Social forces and the abortion law.
Francome, Colin (1980) Social forces and the abortion law. PhD thesis, Middlesex Polytechnic.
This research analyses the social and political forces underlying the 1aws of abortion in Britain and the United States. It sets out to explain the apparent paradox that the United States now has an abortion law which is more liberal than Britain despite the fact that in many ways it is a more conservative society. Furthemore it aims to set this recent situation in a historical context and to examine recent and likely future developments. It analyses the major social forces on either side of the debate and considers these over four separate periods. The first section analyses the early debate.

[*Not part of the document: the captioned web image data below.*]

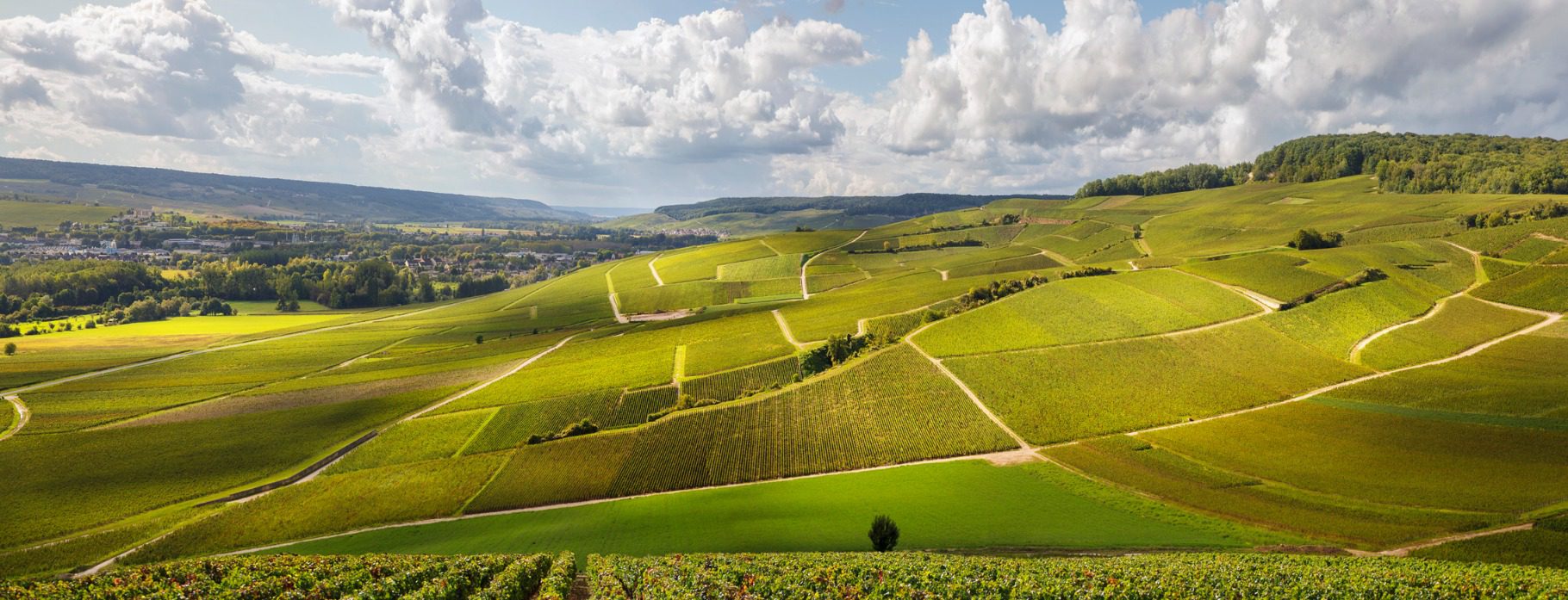 Vineyard in Burgundy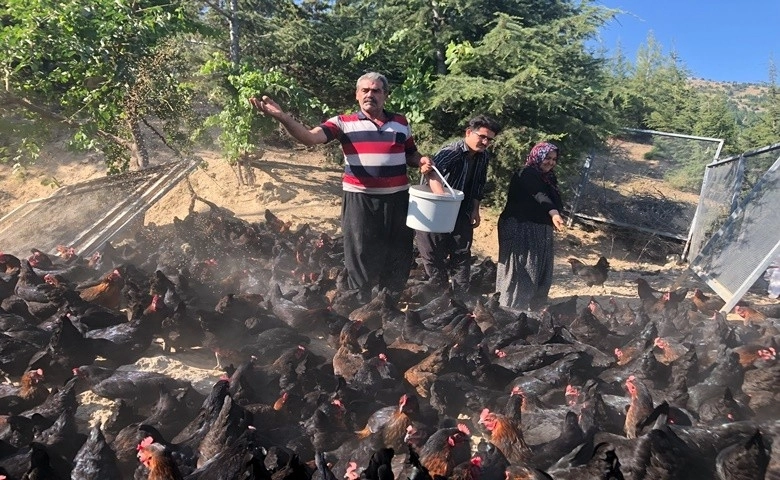 Binlerce tavuk gençlerin geleceği oldu  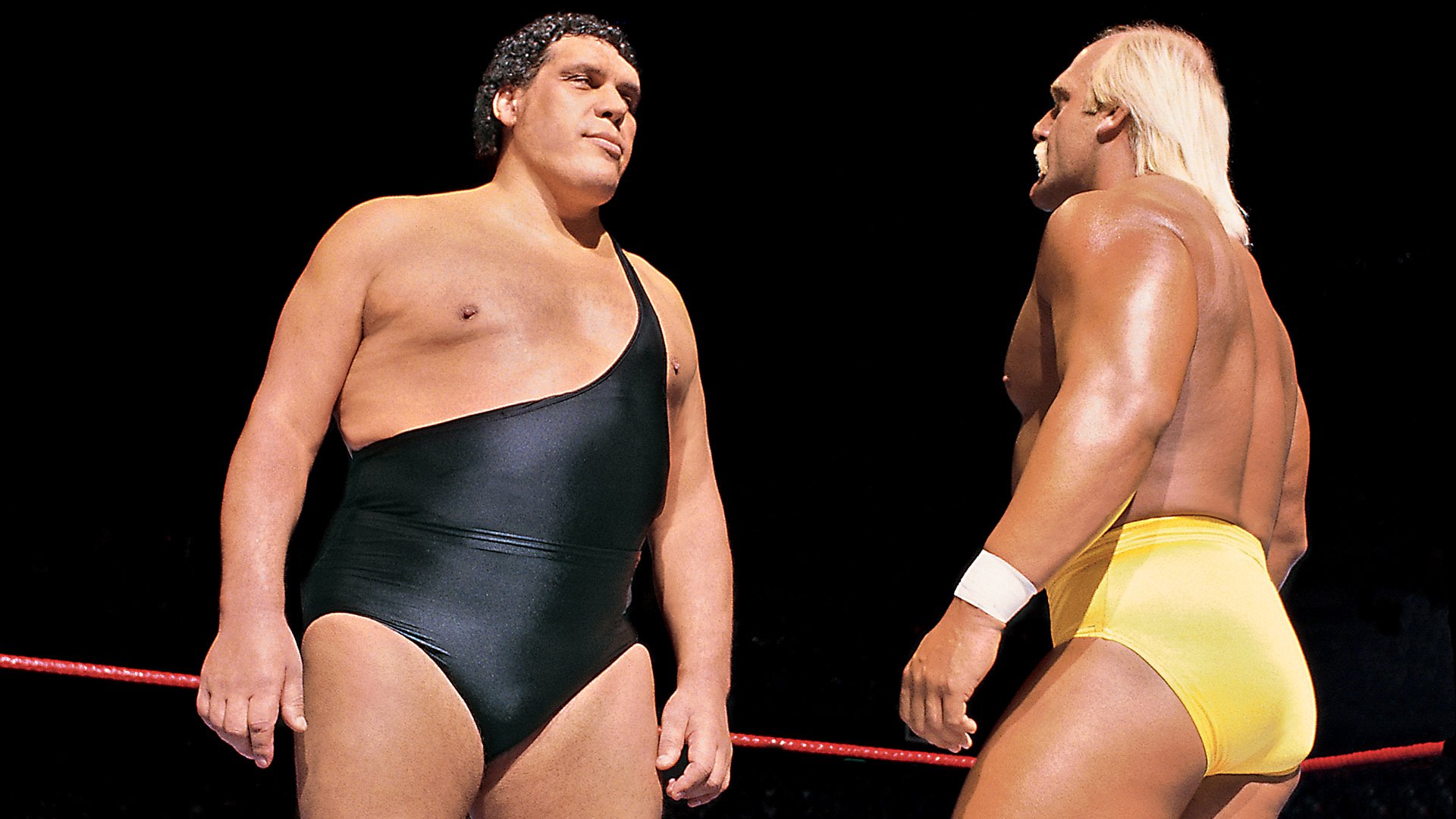 Hulk Hogan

It explains the reasons for the growth in 'Victorian' attitudes to sexual morality and the fact these were more pervasive in America. It then looks at the relationship between the general climate of opinion and the debate on birth control and abortion and shows a fairly close relationship in that the slight liberalisation of attitudes towards birth control in Britain reflected the fact that attitudes were less conservative and that there was a pressure group available to push for reforms. Between the wars there was a strong liberalization of attitudes towards sex. The so called 'roaring; twenties' did reflect the growth in a commercial youth culture and an environment in which birth control information could spread. In Britain the fact that the birth control battle was won more convincingly enabled some to begin to put pressure for an extension of abortion rights. In post war year both Britain and the United States greatly liberalised their abortion law. But a key difference is that the law in America was comprehensibly overthrown and women were given the right to choose in the early months of pregnancy. The reasons for this contrast are explained. In the final section the reasons for the continuance of abortion as an issue in both countries are analysed and some suggestions as to future possibilities are made. In the conclusion the implications of the research for deviancy theory are drawn out.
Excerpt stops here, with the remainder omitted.